Event — Seminar

UKNA Seminar

Coorganized by the Technical University Delft and International Institute for Asian Studies in Leiden

This seminar will feature presentations from Stephen Read and Yawei Chen (TU Delft), Rohit Negi (Ambedkar University, India) and Shrawan Kumar Acharya (CEPT University, also in India), and Chen Rui (China Academy of Urban Planning and Design) and Zhou Yu (Tianjin University, China).

Programme

The Artistic Achievements of the East Imperial Tombs of the Qing Dynasty, and the Feng Shui Theory Behind Them
Zhou Yu

Antelopes, Jackals, and Hunting Parties: A Situated Political Ecology of the Delhi Ridge
Rohit Negi

Urban Revitalization, Strategies, and Consequences: Experiences from Amdavad, India
Shrawan Acharya

Coffee break

Exploring Chinese Urban Planning Reform in a Market-Oriented Environment
Chen Rui

Paths of Development in the Pearl River Delta: Framing Emerging Forms of Polity, Community, and Economy
Stephen Read

From Economic Power House to City of Innovation: Shanghai’s Changing Urban Strategies and the Implementation of Large-scale Urban Development Projects
Yawei Chen

Reception

 

Urban Knowledge Network Asia (UKNA)

The Urban Knowledge Network Asia (UKNA) is a European Union funded research project. Part of Marie Curie Actions, this International Research Staff Exchange Scheme (IRSES) was awarded in 2011 and began in April 2012. It consists of more than 100 researchers from institutes in Europe, the United States, India, and China, all of whom are researching the Asian urban environment. More information can be found at the UKNA website: www.ukna.asia

Abstracts

The Artistic Achievements of the East Imperial Tombs of the Qing Dynasty, and the Feng Shui Theory Behind Them
Zhou Yu

The East Imperial Tombs of the Qing Dynasty is a famous ‘World Heritage’ site located near Beijing. It was evaluated a ‘creative masterpiece of humanity’ by the experts from UNESCO. The artistic achievements include the perfect combination of natural and artificial beauty, with a fascinating organization of sequences of spaces with precise scale control and organic spatial switching. It was designed under the guiding principles of feng shui, a traditional theory, and technology, in design related to almost every aspects of dwelling in ancient China.

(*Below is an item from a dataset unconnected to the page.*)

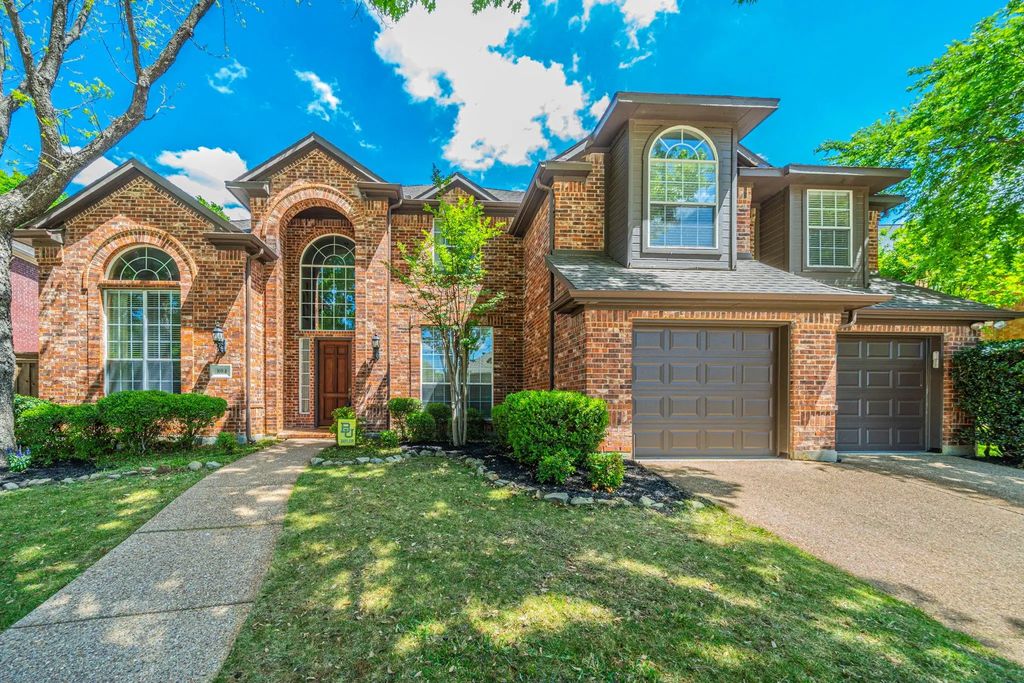 804 Canongate Drive, Flower Mound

But now feng shui is regarded merely as superstition, and is officially forbidden in China, as a result of the continuous revolutions and the impact of modern science. As there are so many things that we can learn from feng shui, maybe trying to explain this ancient Chinese cultural heritage in a scientific way is a practical approach. While fundamentally speaking, as feng shui is located in a different paradigm from modern science, Confucius’ tolerant attitude may be a more far-sighted approach.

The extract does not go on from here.